I imagine myself awaiting the test results when the doctor enters the rooms and tells me, “It’s cancer.” My life feels like it’s over, but I will not lose hope. I listen to the possibilities of radiation, surgery, or chemotherapy, but when these possibilities seem futile, I still fight. Lance Armstrong said that “If children have the ability to ignore all odds and percentages, then maybe we can all learn from them. When you think about it, what other choice is there but to hope? We have two options, medically and emotionally: give up, or Fight Like Hell.” O’Connor fought like hell and I will do the same.

My friend, Felicia Zachary-Jackson, was diagnosed with ovarian cancer just over 11 years ago. When she found out, she went through chemotherapy, but eventually was told she had just months to live. This was the moment she felt like her life was over. She began to die. This triggered something in her. She knew this wasn’t when or how she was going to die. She immediately began researching. Felicia reminds me of O’Connor because she consumed countless supplements and had faith greater than I can imagine. She became cancer free in 1998.

I will conduct more research than I ever have for any school assignment or work project. This will result in my life or my death. Felicia will be the first person that I consult. I will ask her exactly what her regimen was and then I will consult countless physicians and research countless articles on the internet. As I do this, I will always remember James “Rhio” O’Connor. This is only an obstacle in my life, not the end of it. Although cancer may be a sentence, I won’t let it sentence me for life.

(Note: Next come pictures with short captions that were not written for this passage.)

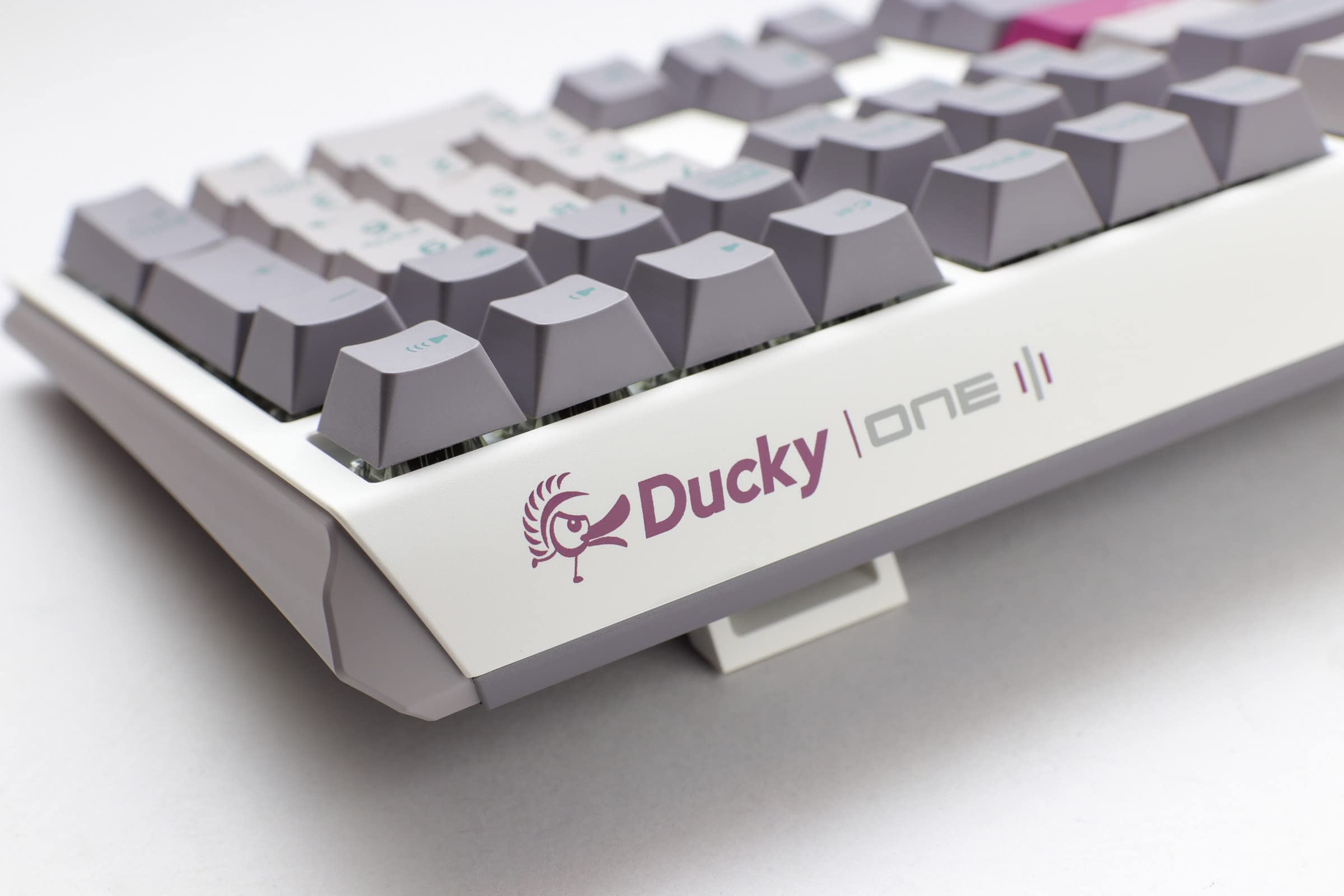 Amazon.com: Ducky One 3 Mist Grey Hotswap RGB Double Shot PBT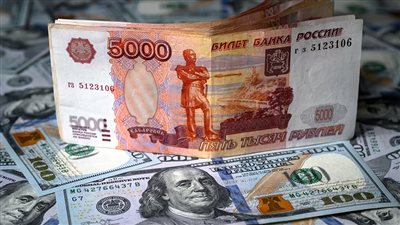 الروبل يرتفع إلى أعلى مستوى منذ أكثر من شهرين مقابل الدولار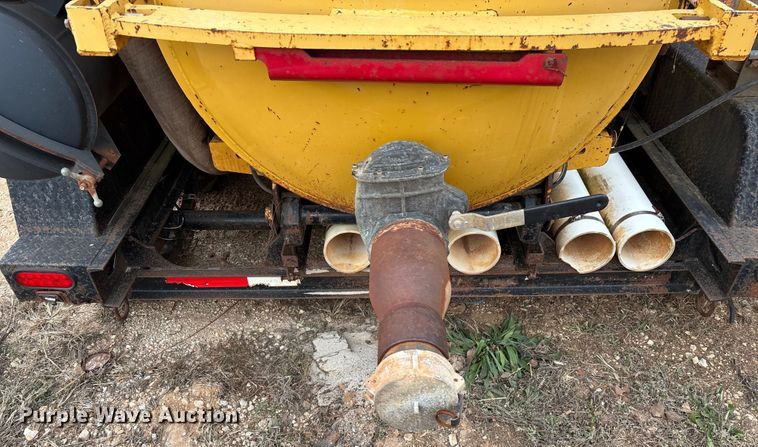 image for item ED2451 2011 Vermeer V500LE-HD vacuum excavator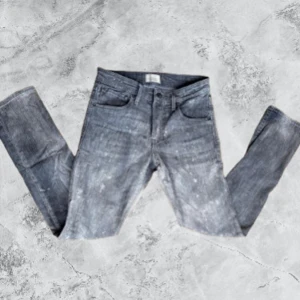 Jack and jones - Sköna jack and jones jeans. Dem har en najs hemmagjord tvätt med extra detaljer. Dem sitter straight/slim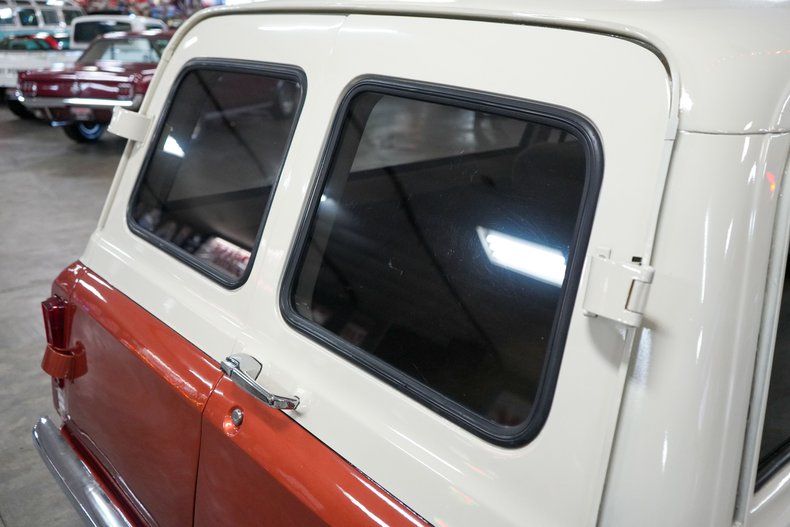 Chevrolet-Suburban-1969-Copper-Beige-48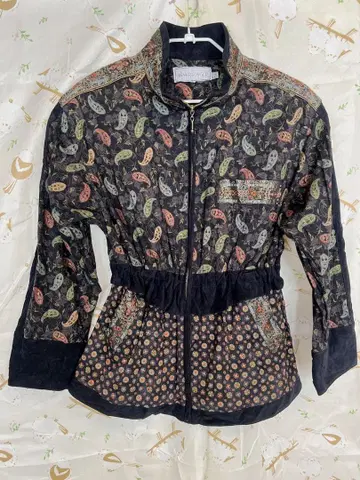 페이즐리 무늬 허리밴딩 자켓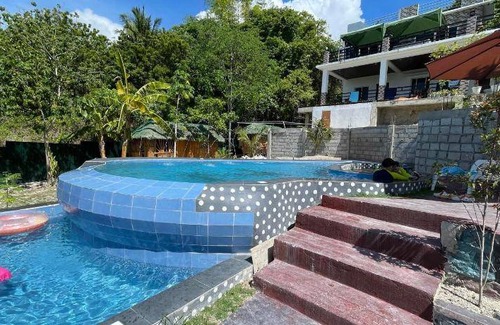 Oslob Resort | 100 m² Resort ∙ 5 guests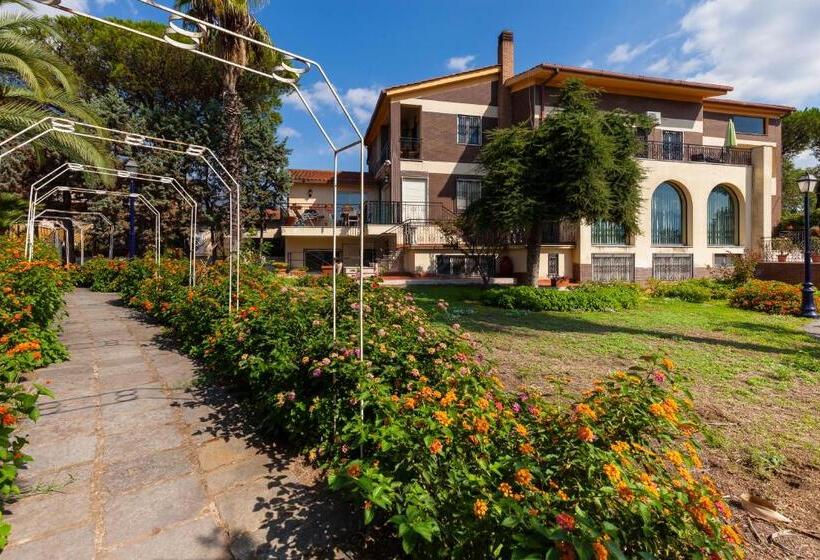 Номер Deluxe Вид на Бассейн, Villa Viuli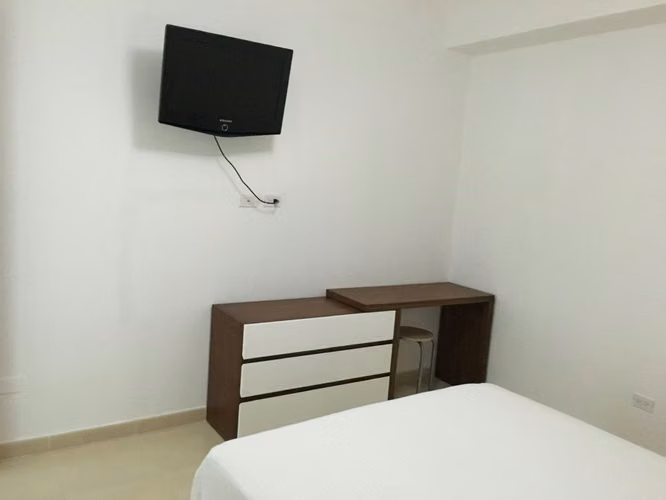 FOR RENT AVE BALBOA FRENTE AL MAR 2 RECAMARAS AMOBLADO - Imagen 11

Cancer does not have to be a life sentence, it can be just another word. It is what you make it. At the end of my story, I see myself in Felicia’s place. I will be victorious in my fight against cancer. I will remember my loved ones who have died from this terrible sentence, and I will remember James “Rhio” O’Connor who is an inspiration to everyone who has been, will be, or knows someone diagnosed with cancer.